/---

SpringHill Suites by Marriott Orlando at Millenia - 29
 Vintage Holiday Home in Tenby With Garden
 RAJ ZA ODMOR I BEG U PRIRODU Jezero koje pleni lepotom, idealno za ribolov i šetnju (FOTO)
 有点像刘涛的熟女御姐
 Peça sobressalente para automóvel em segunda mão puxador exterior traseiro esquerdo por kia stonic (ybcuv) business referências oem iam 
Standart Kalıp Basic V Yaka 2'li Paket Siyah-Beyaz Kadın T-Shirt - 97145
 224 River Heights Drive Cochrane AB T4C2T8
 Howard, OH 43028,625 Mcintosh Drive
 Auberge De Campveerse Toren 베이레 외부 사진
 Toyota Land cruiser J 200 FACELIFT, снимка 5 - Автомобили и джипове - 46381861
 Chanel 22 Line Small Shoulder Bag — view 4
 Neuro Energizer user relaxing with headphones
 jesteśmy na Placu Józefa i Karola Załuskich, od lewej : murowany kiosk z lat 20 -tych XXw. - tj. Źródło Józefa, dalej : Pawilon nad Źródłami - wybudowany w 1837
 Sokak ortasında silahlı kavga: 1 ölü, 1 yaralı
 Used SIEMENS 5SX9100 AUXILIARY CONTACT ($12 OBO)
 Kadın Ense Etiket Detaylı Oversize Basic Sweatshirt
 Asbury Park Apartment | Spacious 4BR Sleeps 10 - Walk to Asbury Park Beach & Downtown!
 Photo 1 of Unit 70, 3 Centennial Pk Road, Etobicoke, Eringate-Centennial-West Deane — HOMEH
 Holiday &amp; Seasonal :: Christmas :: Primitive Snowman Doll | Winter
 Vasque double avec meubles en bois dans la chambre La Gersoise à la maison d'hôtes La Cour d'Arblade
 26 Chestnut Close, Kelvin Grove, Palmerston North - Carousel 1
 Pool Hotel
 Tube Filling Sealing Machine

\---

## WHAT TO PRODUCE
Reproduce every line above containing "Basic".

## PROBLEM SOLUTION
Standart Kalıp Basic V Yaka 2'li Paket Siyah-Beyaz Kadın T-Shirt - 97145
 Kadın Ense Etiket Detaylı Oversize Basic Sweatshirt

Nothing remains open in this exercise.